Top Ten Pitfalls In Negotiating And Drafting Business Contracts – Part III (Noncompetition Clauses)

Welcome to the third of my ten-part series that can show you how simple-looking parts of a business deal can come back to haunt you.  Thank you for staying with it – or thank you for being a new visitor – and read about how to avoid getting into trouble, instead of how to get out of trouble.  Parts I and II, which discuss letters of intent and due diligence, can be found elsewhere in this blog.  I have published an abbreviated version of this whole series in the January 2014 issue of Nevada Business magazine. Here is the link, but with fair warning – it is so abbreviated that it only has seven pitfalls, and there is much more to be said than what you will see in that article! http://www.nevadabusiness.com/2014/01/seven-pitfalls-avoid-negotiating-business-contracts/

Noncompetition Clauses

There are multiple pitfalls here – some are easier to spot than others.

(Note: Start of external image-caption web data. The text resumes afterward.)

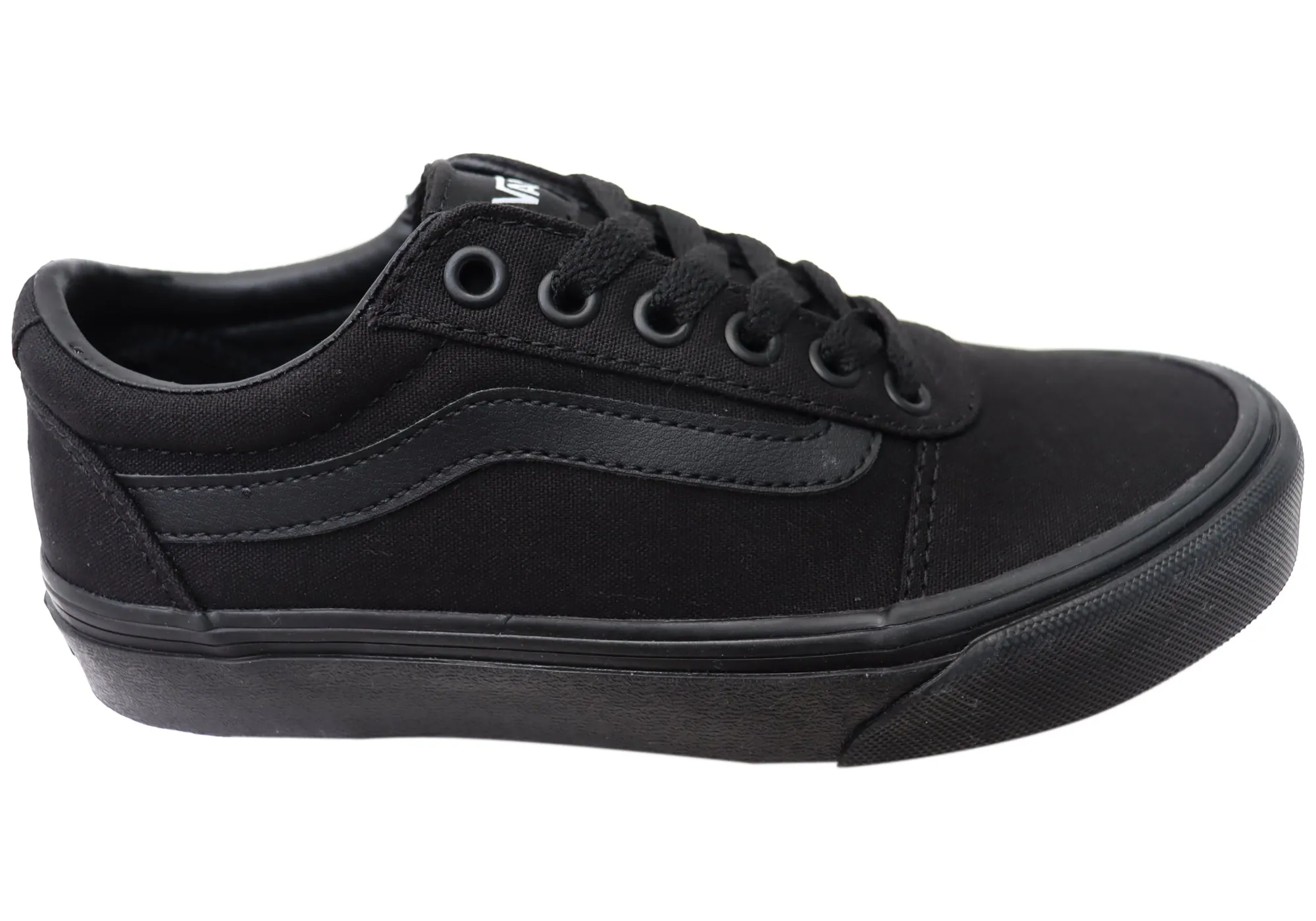 Snug Support Fit Responsive Grip Vans Mens Ward Comfortable Lace Up Sneakers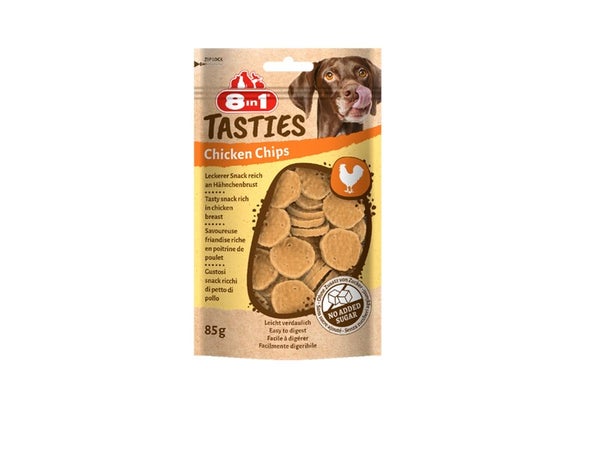 Friandise chien 8in1 tast chicken chips 85g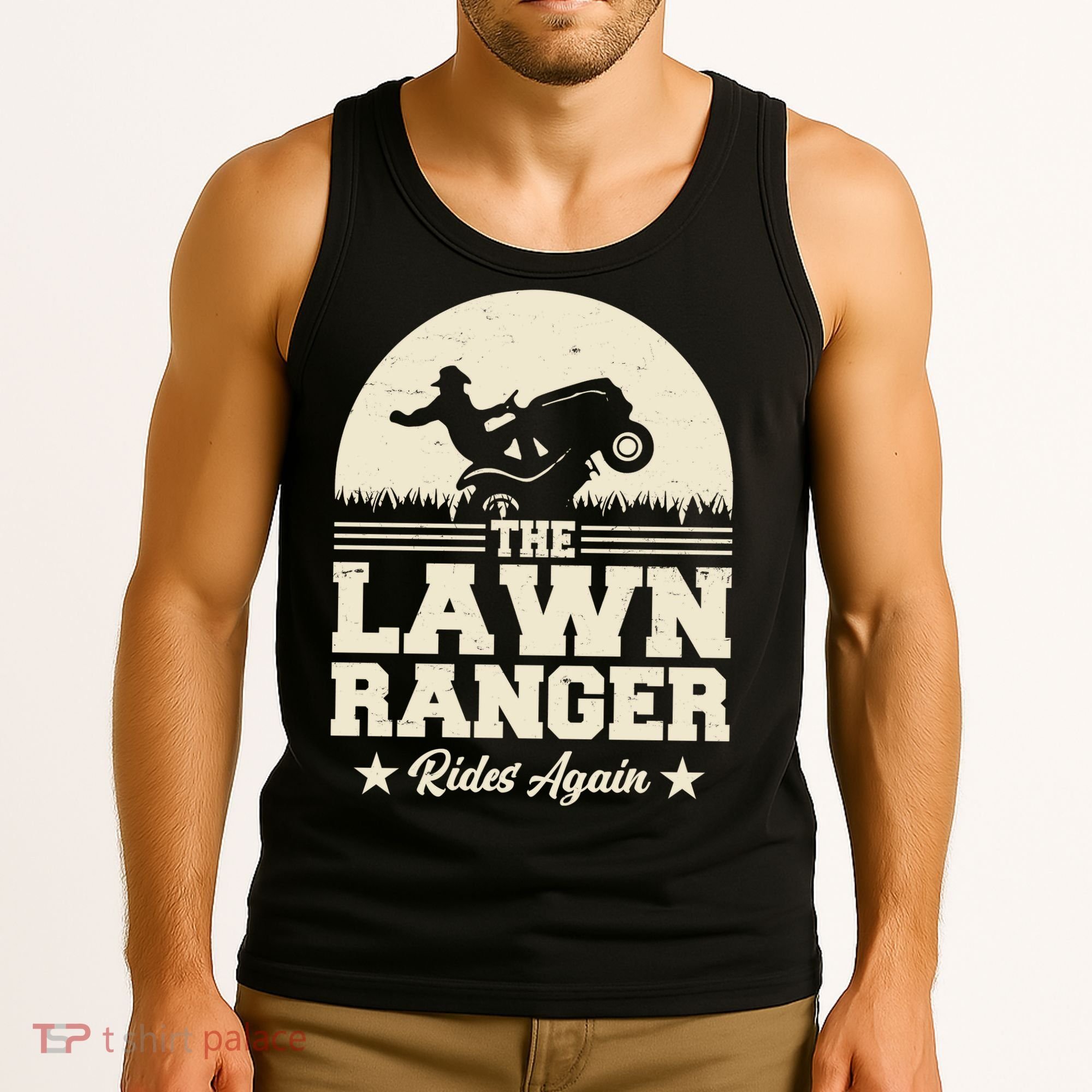 Lawn Ranger Rides Again Tank Top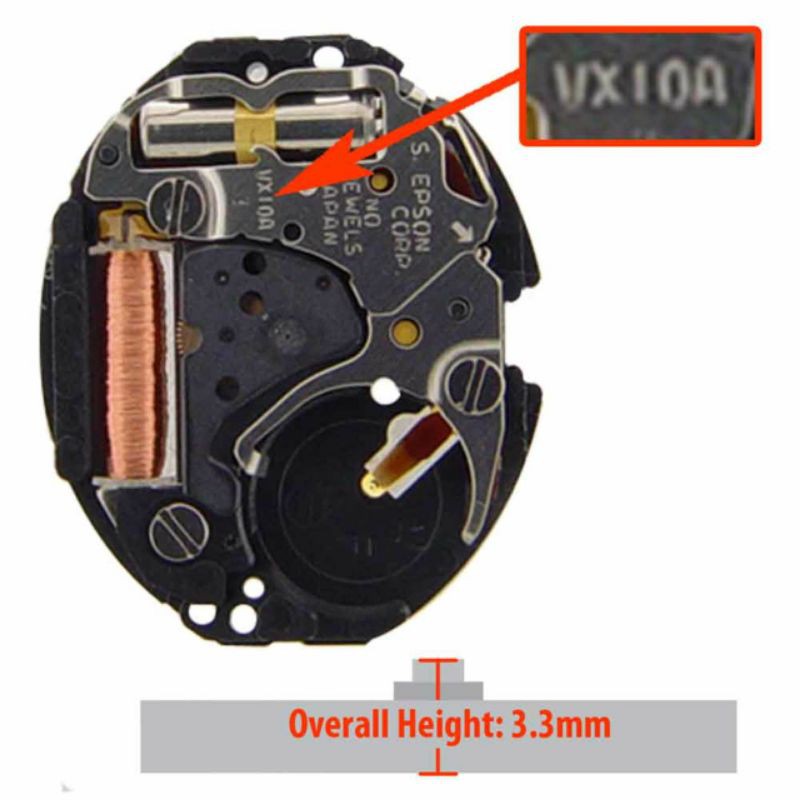 Mesin Jam Tangan VX10A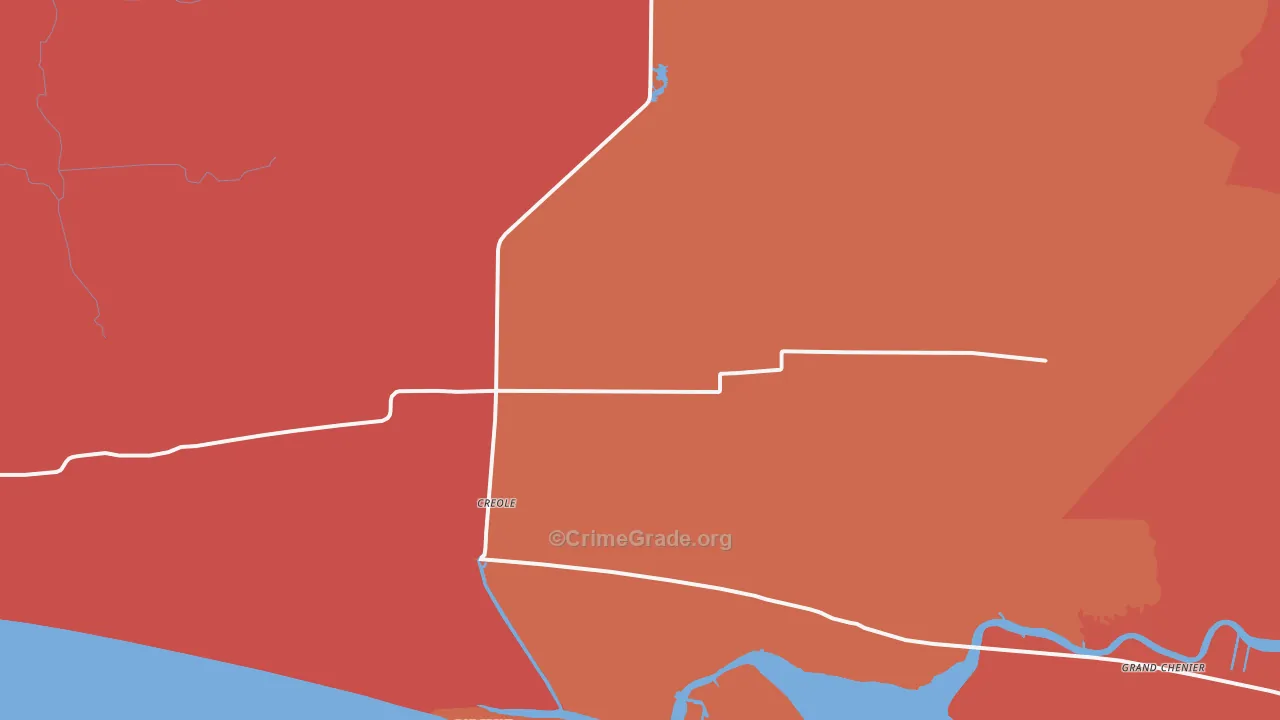 70632, LA Map of Theft Rates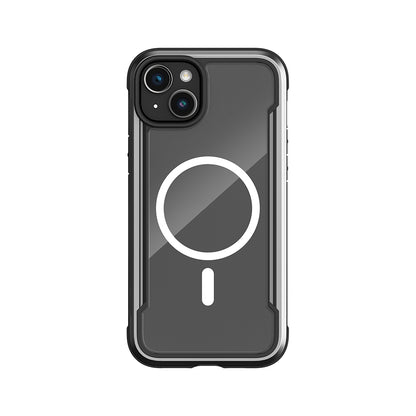 Apple iPhone 15 Kılıf M-safe Şarj Özellikli Airbagli Raptic Shield Serisi Şeffaf Arka Yüzey Kapak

When you buy a business, you don’t want the seller to turn around and open a competing business across the street, or across the county. Or if you hire a key employee and show him the ropes, you don’t want him to take that knowledge to a competitor later on. But if you don’t have a properly-drafted noncompetition clause in your contract, don’t expect a court to protect you.

Or, if you have a noncompetition clause that covers, for example, a 50-mile radius, and the other party sets up shop 50 miles plus one block away, don’t expect a court to give you that extra block.

The bottom line here is that our free enterprise system encourages competition, so courts are not looking to restrict people from running a business or earning a living, just to protect someone else who failed to bargain for that restriction in the first place. And in some states, such as California, many of those restrictions are void even if you have them in your contract.

On the other hand, what if you are the one who is being restricted? Do you know what you are getting yourself into? If you can’t have a competitive business or employment wherever the other party does business, that might seem OK when you sign the contract. But suppose the restriction lasts for two years and during that time, the other party expands its business geographically or is bought by another company with a nationwide presence. In that case, you may be restricted far more than you had imagined.

And all of the above assumes that the noncompetition clause is valid in the first place. That is a big, and maybe dangerous, assumption.

Before you get too aggressive about imposing restrictions, remember that courts generally evaluate noncompetition clauses for reasonableness and enforceability on a case-by-case basis. If a clause is deemed unreasonably broad, then even though your counter-party signed it, a court might invalidate it – entirely! So you could find yourself worse off if you were supposed to be the protected party, or better off if you were supposed to be the restricted party, than if you had negotiated a less restrictive clause in the first place.

There are ways to deal with these issues without falling into quicksand. Attorneys who are well-versed in this complex area can advise on what restrictions courts typically allow. And there are drafting methods to avoid having the restrictions struck down in their entirety even if they are too broad. If you are in a state that does not allow noncompetition restrictions (regardless of reasonableness), you need legal advice up front about that, so you can structure the other terms of your deal to make it worthwhile, knowing that you cannot restrict competition when the contract ends.

So given all of the surprises you could encounter when you try to negotiate or enforce a noncompetition clause (or try to avoid one), don’t be surprised if the noncompetition clause of your contract turns out to be the most time-consuming one to complete.